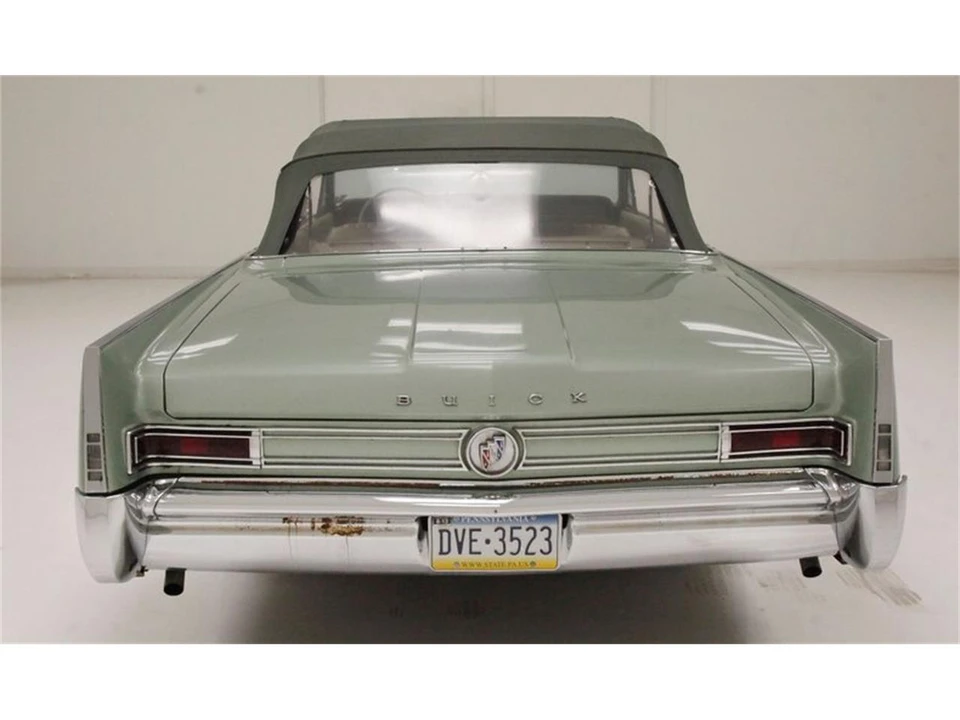 1963 Buick Electra - Image 6 of 31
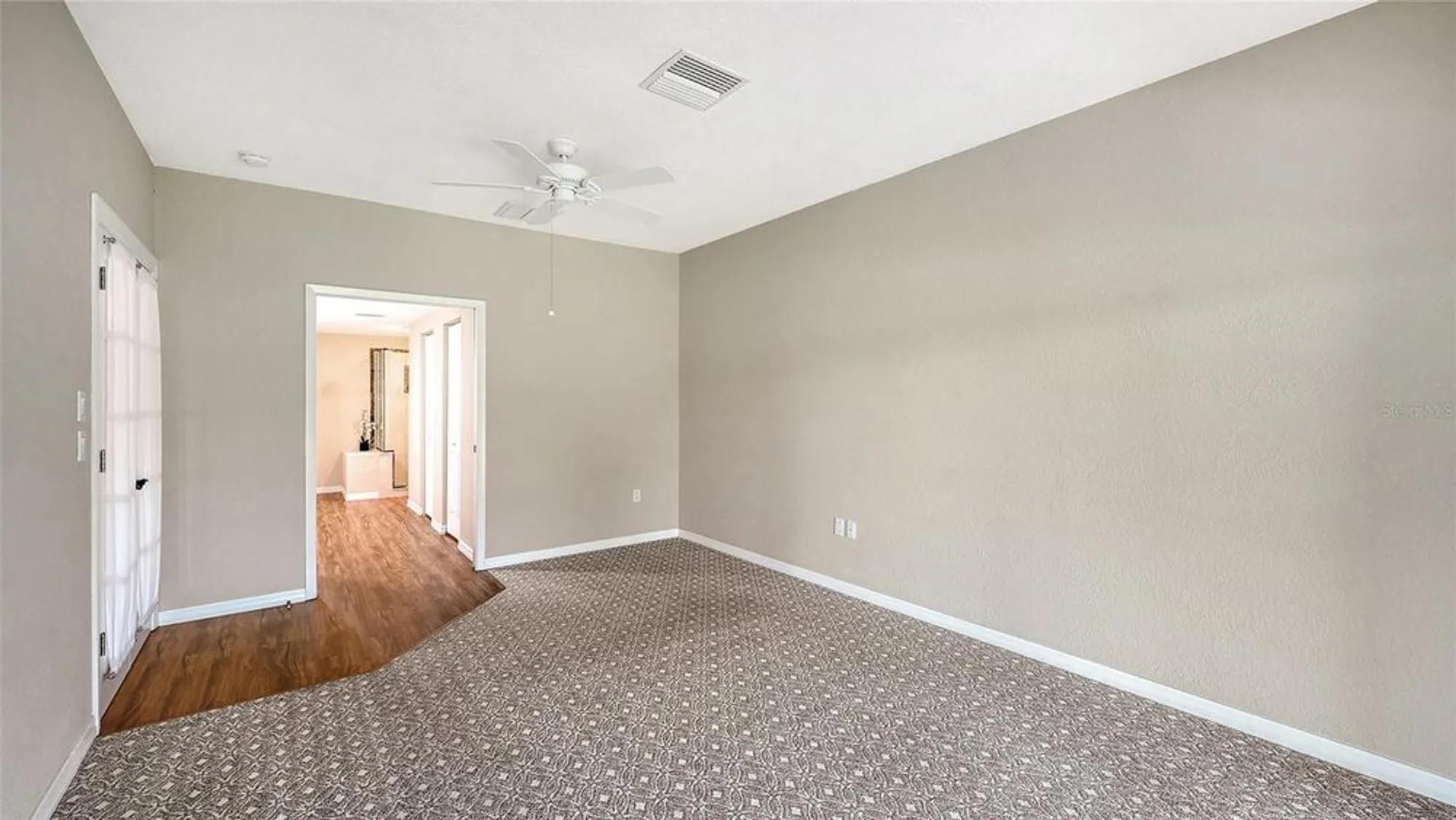 Property Slideshow image 26 of 63 | 7340 golf pointe cir, Sarasota, FL, 34243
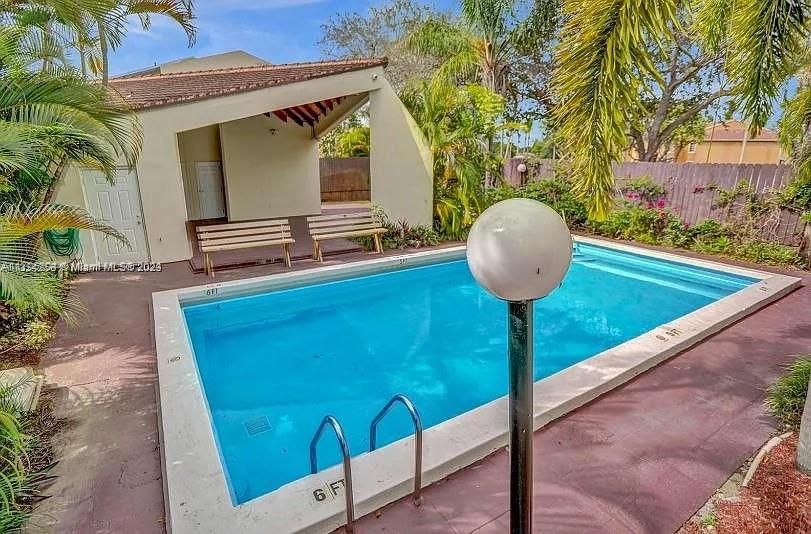 En Venta: $364,900 (3 camas, 2 baños, 1264 Pies cuadrados)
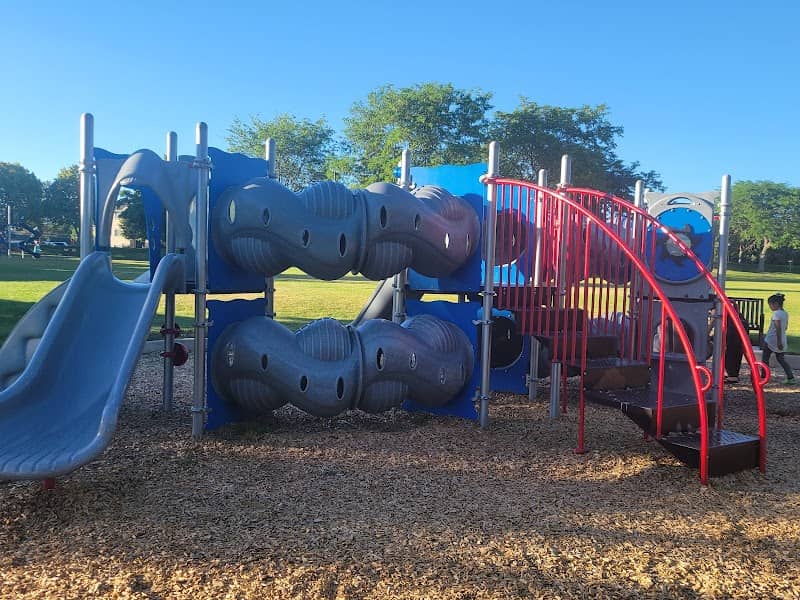 Island View Park - Image 1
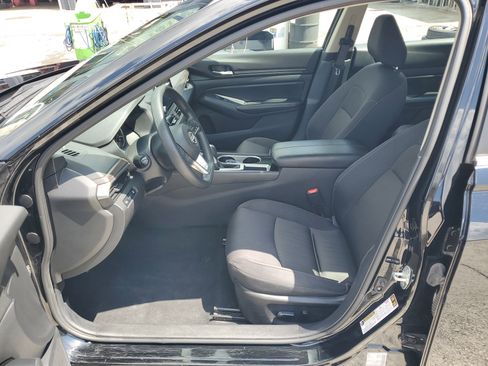 Certified 2024 Nissan Altima 2.5 SV FWD image 13
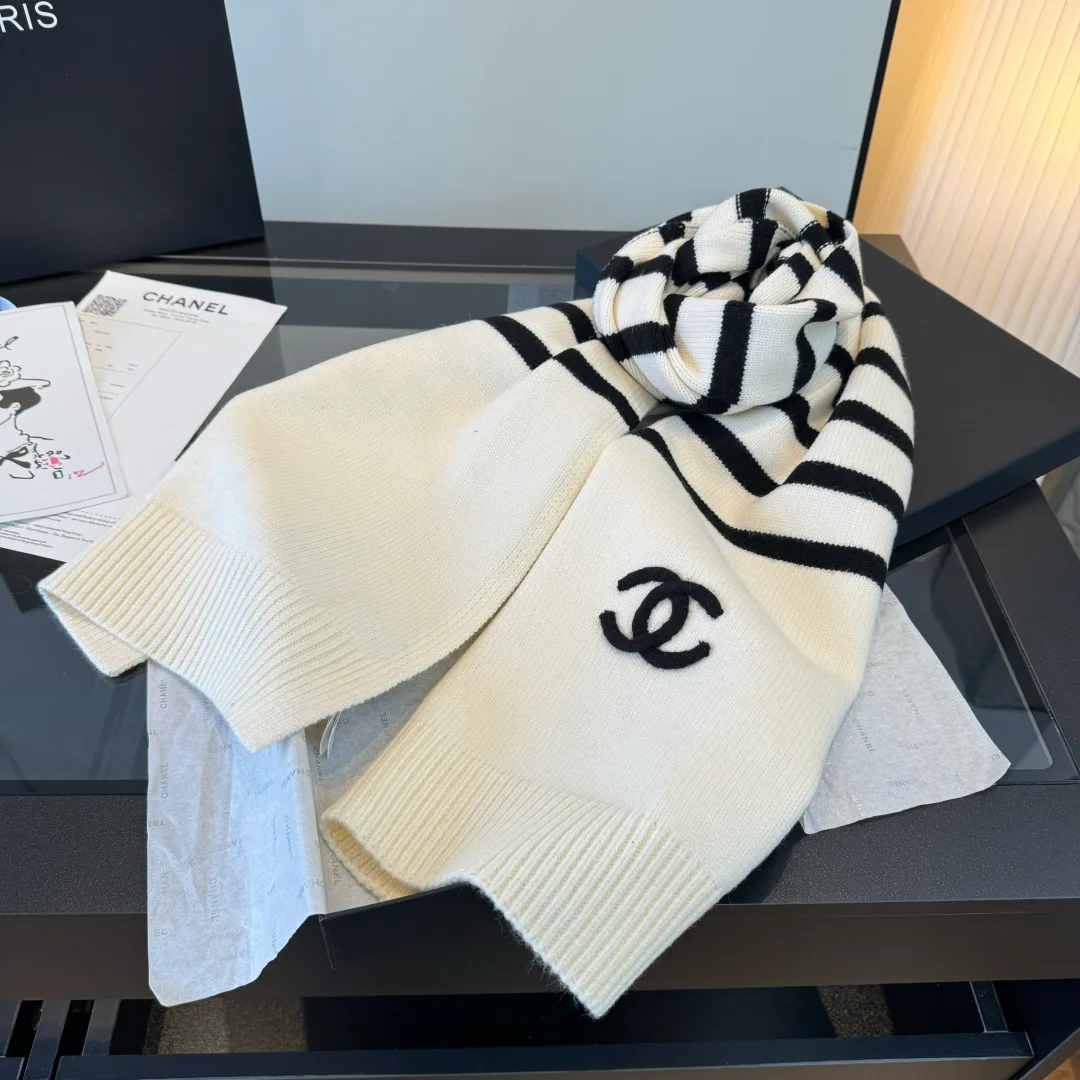 Шарфы Chanel 18627319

##########

> _Task to complete_
Omit the pictures, then give every record back exactly as it stands.

> _Result of this task_
 1963 Buick Electra - Image 6 of 31
 Property Slideshow image 26 of 63 | 7340 golf pointe cir, Sarasota, FL, 34243
 En Venta: $364,900 (3 camas, 2 baños, 1264 Pies cuadrados)
 Island View Park - Image 1
 Certified 2024 Nissan Altima 2.5 SV FWD image 13
 Шарфы Chanel 18627319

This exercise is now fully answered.